Courtesy of SQL Server Pro. You can find the original article here.

My dad, Gabriel Ben-Gan, passed away recently. He loved numbers, logic and puzzles, and used to solve problems in his own unique way. This article is about a puzzle that incorporates the above ingredients. Dad, this one’s for you, and is in your memory.

I’d like to thank David Shipley, who originally sent me this beautiful puzzle. The problem is pretty simple, but the solution requires some creativity.

As part of the solution to the puzzle I use an auxiliary table called dbo.Nums, which contains a sequence of integers starting with 1 in a column called n. You can find this auxiliary table in the sample database TSQLV3. You can download the source code to create this sample database here.

**The Puzzle**

The puzzle is about coping with typographical errors (typos) when a keyword is entered for search purposes.

You get as inputs three strings:

- A keyword that the user entered for search (@keyword)
- A source word (@src)
- A synonym for the source word (@synonym)

Here’s an example for possible input values:

DECLARE @keyword AS NVARCHAR(1000) = N'wwAMxxAMyyAMzz', @src AS NVARCHAR(1000) = N'AM', @synonym AS NVARCHAR(1000) = N'AN';

Your task is to generate all possible permutations of the input @keyword where each occurrence of @src is either replaced with @synonym or not. For example, for the above inputs the desired output is:

wwAMxxAMyyAMzz wwANxxAMyyAMzz wwAMxxANyyAMzz wwANxxANyyAMzz wwAMxxAMyyANzz wwANxxAMyyANzz wwAMxxANyyANzz wwANxxANyyANzz

To work…

**Step 1: Generate permutations**

The solution to this puzzle can be broken into five main steps.

The first step is to return a sequence of integers in the range 0 through num_permutations – 1, where num_permutations represents the number of permutations of @keyword that need to be created. The num_permutations value can be computed as 2^num_ocurrences, where num_occurrences is the number of occurrences of @src in @keyword. With our sample input values, @src is AM and @keyword is wwAMxxAMyyAMzz, so num_ocurrences = 3, and therefore num_permutations = 8.

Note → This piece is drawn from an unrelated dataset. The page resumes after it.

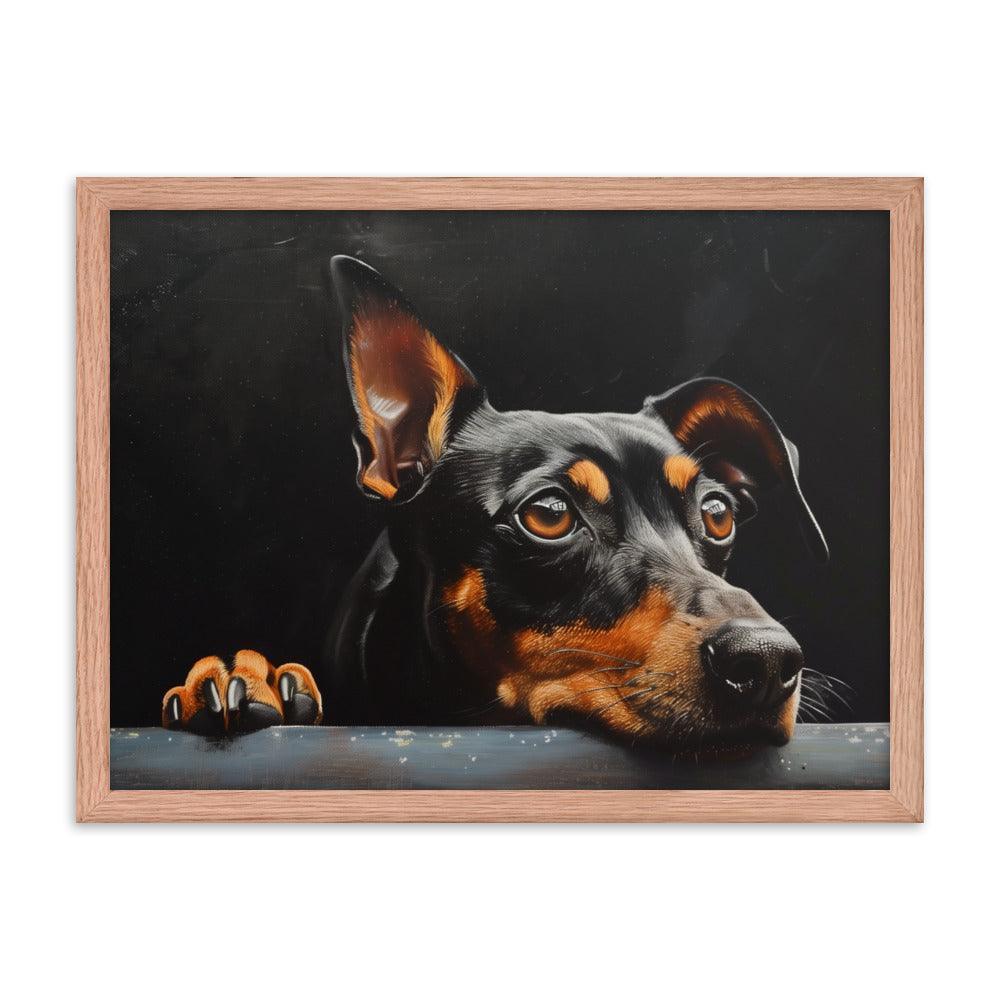 Manchester Terrier Painting with Dark Background Framed Poster - Oh Posters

If you’re wondering, “What’s the logic behind computing the number of permutations?” think of the template for the permutations as having placeholders for all occurrences of @src in @keyword: ww?xx?yy?zz. Each placeholder is like a bit in an integer bitmap. When the bit is not set, you replace the placeholder with @src; when it’s set you replace it with @synonym. With three bits, the possible integers fall into the range 0 through 7 (2^3 – 1). The bitmaps of the integers in this range represent the permutations of the aforementioned template that you need to create.

The following expression computes num_ocurrences:

(LEN(@keyword) - LEN(REPLACE(@keyword, @src, N''))) / LEN(@src)

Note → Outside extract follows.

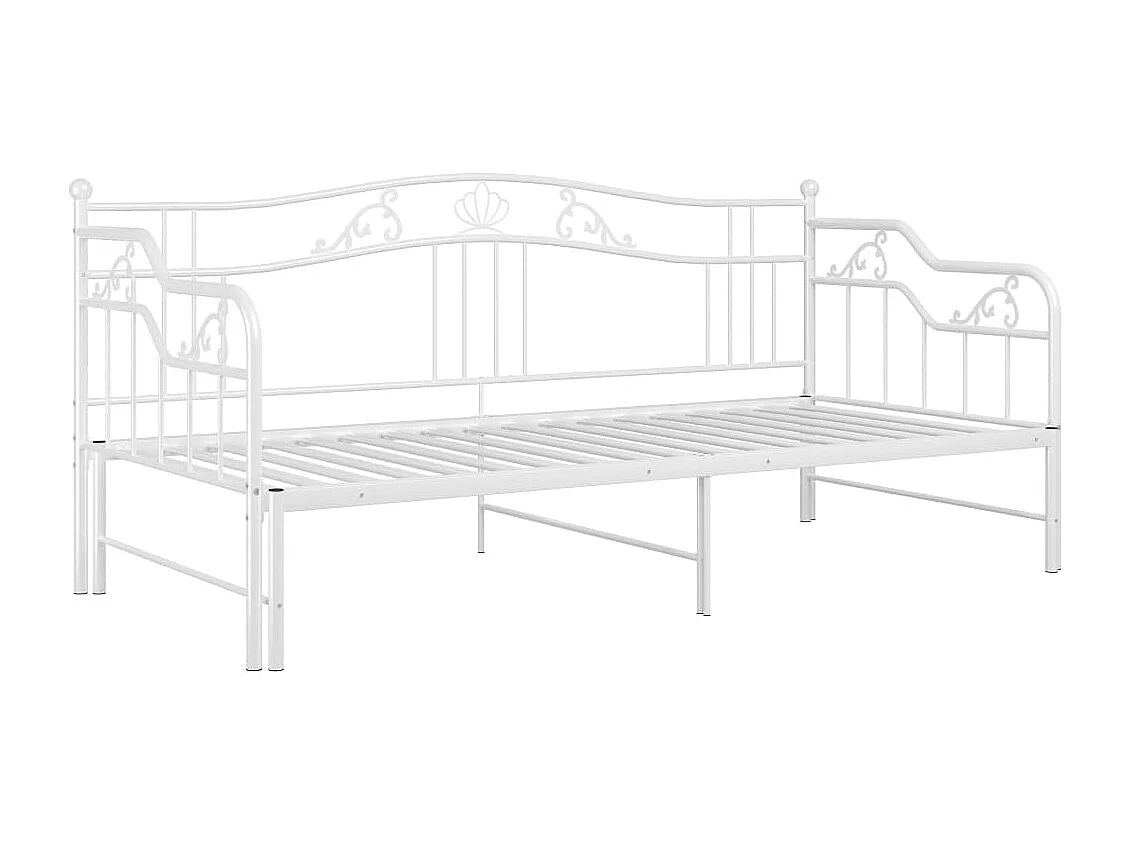 Estructura de sofá cama extraíble de metal blanco 90x200 cm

The following query generates the integers whose bitmaps represent the permutations that you need to create:

SELECT n-1 AS permutation FROM TSQLV3.dbo.Nums WHERE n <= POWER(2, (LEN(@keyword) - LEN(REPLACE(@keyword, @src, N''))) / LEN(@src));

Table 1 shows the output of this query with the bitmap representation of the integers.

**Table 1: Permutations**

permutation binperm ----------- ------- 0 000 1 001 2 010 3 011 4 100 5 101 6 110 7 111

**Step 2: Compute injection positions**

Call the result of the first step P. The second step creates a row for every combination of permutation in P and number n in the range 1 through num_ocurrences. Each occurrence of a @src element in @keyword may be preceded by some non-@src element and may be followed by some non-@src element. So, for every n in the range 1 through num_ocurrences we can think of the positions of the @src elements among the @src and non-@src elements as being 2 * n. For example, in our input @keyword we have the following elements:

1 - ww 2 - AM 3 - xx 4 - AM 5 - yy 6 - AM 7 - zz

As you can see, the three occurrences of @src are in element positions 2, 4 and 6. If a non-@src element doesn’t exist before or after a @src element, you can think of it as existing but being an empty string.

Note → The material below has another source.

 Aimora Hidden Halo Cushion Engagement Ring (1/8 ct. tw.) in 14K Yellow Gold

As mentioned, the second step of our solution generates a row for every permutation in P and occurrence n of @src in @keyword. You compute the element position of the replacement element (call it pos) as 2 * n. Then depending on the state of the nth bit in permutation, the replacement element is either @src (bit isn’t set) or @synonym (bit is set). The code in Listing 2 implements the second step of the solution.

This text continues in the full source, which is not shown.